7. He rocked Stephan Bonnar with a spinning back elbow
You want showy, huh? How about a spinning back elbow to the head of Stephan Bonnar, the original finalist of The Ultimate Fighter? Yeah, Jones doesn't just open his box of tricks on any old fighter. He'll save the best for the best. Bonnar had no idea what had hit him, literally in this case, as Jones rose, dipped, spun and connected with a scything elbow.
8. Brandon Vera is pretty damn good
Shutting out Bonnar is one thing, but breaking Brandon Vera's face is an entirely scarier proposition altogether. Not only that, Jones cut through Vera in barely three minutes, and yet left an imprint on the Filipino's face that would take most guys five rounds to carve. As shocked as anybody that night, Vera could only lay prone to Jones' stunning ground attack, as bones broke and dreams were dashed. Remember, Vera was supposed to be the litmus test.
9. Even in disqualification, the nicest guy in the world
Yes, it's true, Jones does have one black mark on his record. His sole pro loss arrived in December 2009, when the American was disqualified for striking a bemused Matt Hamill with multiple 12-to-6 vertical elbows while in the top position. As Hamill's was on his way out of the fight, Jones was pulled off of him, assumed victory, only to then be told about his misdemeanour following a celebratory cartwheel. An unfortunate disqualification followed and, as everybody expected a bitter reaction from Jones, the fighter simply smiled and shrugged, accepting his punishment with a grace and humility that many lack.
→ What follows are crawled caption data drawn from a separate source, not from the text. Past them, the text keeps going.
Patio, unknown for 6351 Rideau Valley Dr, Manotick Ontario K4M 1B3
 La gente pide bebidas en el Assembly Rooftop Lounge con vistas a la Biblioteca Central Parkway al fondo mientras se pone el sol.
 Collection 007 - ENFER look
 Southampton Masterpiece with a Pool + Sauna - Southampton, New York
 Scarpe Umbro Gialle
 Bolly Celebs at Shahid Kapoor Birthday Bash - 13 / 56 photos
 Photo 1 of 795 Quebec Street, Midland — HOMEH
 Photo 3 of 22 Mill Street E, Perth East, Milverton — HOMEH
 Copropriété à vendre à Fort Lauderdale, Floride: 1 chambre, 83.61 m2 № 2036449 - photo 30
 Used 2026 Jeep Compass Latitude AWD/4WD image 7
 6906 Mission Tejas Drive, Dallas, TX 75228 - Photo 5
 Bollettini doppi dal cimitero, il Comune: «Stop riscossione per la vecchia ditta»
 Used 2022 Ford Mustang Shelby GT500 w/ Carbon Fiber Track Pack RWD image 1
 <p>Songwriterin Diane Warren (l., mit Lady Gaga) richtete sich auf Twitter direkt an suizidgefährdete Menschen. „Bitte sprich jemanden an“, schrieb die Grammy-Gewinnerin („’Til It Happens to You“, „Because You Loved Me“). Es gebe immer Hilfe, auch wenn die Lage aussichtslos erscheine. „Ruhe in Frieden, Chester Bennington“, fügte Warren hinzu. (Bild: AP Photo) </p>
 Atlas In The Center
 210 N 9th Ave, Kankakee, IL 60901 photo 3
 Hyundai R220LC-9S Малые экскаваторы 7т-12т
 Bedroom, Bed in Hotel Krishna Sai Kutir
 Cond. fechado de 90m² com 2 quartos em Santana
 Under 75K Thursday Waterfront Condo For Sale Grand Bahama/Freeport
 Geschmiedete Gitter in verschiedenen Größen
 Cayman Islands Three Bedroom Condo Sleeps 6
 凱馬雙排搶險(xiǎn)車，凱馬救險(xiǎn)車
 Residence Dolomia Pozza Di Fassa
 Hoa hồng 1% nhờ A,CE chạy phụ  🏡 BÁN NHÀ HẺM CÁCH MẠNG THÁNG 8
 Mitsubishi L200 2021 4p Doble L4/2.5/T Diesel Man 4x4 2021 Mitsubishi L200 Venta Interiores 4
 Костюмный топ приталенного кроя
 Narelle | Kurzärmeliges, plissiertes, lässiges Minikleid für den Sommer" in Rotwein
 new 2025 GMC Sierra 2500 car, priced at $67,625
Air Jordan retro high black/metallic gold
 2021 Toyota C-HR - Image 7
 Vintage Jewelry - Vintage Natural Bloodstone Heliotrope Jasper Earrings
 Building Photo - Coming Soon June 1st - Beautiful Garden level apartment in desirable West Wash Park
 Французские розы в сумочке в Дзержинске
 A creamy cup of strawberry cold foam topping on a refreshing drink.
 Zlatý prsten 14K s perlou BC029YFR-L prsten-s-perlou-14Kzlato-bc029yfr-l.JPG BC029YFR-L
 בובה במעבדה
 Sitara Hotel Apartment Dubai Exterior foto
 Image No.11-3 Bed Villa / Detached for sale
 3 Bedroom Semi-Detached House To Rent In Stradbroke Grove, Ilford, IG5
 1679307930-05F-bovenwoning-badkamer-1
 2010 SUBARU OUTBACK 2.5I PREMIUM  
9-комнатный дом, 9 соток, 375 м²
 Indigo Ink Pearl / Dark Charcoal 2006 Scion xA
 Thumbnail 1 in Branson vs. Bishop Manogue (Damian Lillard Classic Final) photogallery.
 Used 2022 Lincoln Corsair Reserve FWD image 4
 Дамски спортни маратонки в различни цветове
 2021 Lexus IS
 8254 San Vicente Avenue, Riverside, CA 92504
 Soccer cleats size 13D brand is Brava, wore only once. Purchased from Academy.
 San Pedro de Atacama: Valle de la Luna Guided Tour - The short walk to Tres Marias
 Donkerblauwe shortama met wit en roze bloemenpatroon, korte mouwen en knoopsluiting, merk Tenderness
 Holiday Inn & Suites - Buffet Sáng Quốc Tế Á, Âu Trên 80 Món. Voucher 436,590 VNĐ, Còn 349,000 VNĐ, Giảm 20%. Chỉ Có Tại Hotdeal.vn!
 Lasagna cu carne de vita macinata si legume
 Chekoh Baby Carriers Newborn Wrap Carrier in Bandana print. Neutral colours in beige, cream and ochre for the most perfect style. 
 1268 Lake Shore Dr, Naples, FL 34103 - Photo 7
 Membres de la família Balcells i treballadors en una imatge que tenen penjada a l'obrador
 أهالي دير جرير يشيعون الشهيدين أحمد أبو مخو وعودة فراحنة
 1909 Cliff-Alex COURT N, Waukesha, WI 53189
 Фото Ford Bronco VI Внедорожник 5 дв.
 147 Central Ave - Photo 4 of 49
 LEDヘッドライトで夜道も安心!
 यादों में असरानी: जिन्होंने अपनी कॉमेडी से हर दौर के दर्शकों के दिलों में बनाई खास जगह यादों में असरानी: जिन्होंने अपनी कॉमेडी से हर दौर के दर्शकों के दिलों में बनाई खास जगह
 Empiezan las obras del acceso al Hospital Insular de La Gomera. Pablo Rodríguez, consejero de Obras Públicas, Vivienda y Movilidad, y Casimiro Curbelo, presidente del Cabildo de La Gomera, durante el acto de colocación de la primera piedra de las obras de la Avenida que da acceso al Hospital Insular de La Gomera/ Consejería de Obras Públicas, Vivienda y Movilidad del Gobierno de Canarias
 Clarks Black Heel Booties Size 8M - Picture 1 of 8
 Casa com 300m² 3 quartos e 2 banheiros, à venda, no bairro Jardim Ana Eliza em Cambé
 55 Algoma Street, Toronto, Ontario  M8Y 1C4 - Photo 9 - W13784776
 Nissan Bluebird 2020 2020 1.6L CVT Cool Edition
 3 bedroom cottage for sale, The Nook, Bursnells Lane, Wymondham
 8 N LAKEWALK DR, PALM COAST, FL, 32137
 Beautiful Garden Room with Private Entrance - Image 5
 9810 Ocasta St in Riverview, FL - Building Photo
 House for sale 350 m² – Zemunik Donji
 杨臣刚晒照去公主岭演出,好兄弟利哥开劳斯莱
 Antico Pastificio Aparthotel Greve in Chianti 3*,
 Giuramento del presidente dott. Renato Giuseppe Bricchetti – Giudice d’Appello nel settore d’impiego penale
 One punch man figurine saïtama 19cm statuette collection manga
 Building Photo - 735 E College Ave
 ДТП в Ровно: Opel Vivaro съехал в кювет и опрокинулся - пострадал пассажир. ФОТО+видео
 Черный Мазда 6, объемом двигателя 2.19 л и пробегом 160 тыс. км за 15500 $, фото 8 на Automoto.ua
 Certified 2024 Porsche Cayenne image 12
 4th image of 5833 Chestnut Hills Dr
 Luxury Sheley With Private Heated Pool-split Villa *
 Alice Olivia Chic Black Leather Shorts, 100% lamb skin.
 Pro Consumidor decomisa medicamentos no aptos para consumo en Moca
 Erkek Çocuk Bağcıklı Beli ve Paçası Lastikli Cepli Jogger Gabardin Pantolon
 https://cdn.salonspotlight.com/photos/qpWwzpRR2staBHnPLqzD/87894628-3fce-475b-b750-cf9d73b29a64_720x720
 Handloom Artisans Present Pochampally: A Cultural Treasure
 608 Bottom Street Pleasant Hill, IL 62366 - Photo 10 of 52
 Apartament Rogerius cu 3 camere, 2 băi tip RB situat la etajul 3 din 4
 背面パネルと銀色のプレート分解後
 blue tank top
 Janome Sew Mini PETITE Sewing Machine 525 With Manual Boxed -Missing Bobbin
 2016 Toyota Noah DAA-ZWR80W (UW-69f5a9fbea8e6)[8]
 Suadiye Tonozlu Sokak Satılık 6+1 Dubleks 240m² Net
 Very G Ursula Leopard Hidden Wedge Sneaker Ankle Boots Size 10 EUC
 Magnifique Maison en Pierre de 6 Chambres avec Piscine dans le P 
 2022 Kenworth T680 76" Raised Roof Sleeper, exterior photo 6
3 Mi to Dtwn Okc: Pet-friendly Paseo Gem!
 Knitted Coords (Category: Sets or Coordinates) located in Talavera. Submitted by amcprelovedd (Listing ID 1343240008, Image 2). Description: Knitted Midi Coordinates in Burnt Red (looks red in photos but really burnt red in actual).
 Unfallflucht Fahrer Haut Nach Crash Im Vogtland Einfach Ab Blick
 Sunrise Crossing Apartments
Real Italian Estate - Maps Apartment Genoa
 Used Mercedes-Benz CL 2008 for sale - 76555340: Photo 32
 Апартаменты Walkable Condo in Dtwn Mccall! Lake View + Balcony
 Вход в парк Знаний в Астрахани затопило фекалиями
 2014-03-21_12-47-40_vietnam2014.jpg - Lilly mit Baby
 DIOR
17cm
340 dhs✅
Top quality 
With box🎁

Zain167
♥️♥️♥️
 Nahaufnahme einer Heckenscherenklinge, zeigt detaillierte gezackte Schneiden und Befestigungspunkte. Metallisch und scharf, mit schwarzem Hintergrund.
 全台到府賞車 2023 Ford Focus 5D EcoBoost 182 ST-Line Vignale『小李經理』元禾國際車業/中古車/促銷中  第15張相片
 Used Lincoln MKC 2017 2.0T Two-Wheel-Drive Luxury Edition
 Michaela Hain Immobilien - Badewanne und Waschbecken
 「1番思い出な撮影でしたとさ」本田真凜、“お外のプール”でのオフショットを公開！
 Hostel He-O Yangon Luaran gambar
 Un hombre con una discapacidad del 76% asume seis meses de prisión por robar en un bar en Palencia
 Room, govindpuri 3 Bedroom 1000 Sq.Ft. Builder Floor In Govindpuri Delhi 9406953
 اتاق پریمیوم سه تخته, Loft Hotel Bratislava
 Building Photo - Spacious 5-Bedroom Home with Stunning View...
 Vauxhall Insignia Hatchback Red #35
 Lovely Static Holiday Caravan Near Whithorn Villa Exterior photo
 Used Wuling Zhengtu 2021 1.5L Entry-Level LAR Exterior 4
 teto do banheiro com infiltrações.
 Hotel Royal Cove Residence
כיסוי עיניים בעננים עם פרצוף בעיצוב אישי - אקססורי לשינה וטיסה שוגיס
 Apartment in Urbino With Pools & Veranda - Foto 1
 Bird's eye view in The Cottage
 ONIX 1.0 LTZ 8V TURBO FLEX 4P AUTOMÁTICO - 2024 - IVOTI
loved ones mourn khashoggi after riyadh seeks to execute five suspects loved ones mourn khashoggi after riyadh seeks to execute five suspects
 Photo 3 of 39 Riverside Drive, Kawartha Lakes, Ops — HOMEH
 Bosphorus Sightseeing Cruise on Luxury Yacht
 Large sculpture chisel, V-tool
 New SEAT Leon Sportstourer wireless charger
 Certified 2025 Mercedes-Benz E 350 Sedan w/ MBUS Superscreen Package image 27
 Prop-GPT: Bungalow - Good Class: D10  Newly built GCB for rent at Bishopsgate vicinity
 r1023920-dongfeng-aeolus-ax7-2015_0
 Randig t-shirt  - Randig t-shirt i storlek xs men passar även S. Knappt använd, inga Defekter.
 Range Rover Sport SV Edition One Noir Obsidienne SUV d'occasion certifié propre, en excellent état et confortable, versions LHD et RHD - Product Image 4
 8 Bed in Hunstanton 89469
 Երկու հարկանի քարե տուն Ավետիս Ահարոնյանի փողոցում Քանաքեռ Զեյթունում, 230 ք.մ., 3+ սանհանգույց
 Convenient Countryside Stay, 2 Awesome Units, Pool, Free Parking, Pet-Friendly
10. He is mixed martial arts
Regardless of whether he lives up to the hyperbole, Jon Jones is exciting simply because he represents mixed martial arts in 2010. Unlike many of the other stars in MMA, Jones is young and fresh enough to have been an untouched product of the sport. This is the world he was born into. He didn't decide to up sticks and move to mixed martial arts, as his old job wasn't lucrative or stimulating enough. There are still rules being written in the sport, and Jones has the potential and opportunity to rubber-stamp his own distinct, au naturale fighting style and personality on something which gets bigger by the year. With legacies still to be written and a history yet to be formed, Jon Jones' birth into mixed martial arts couldn't have been timed any better.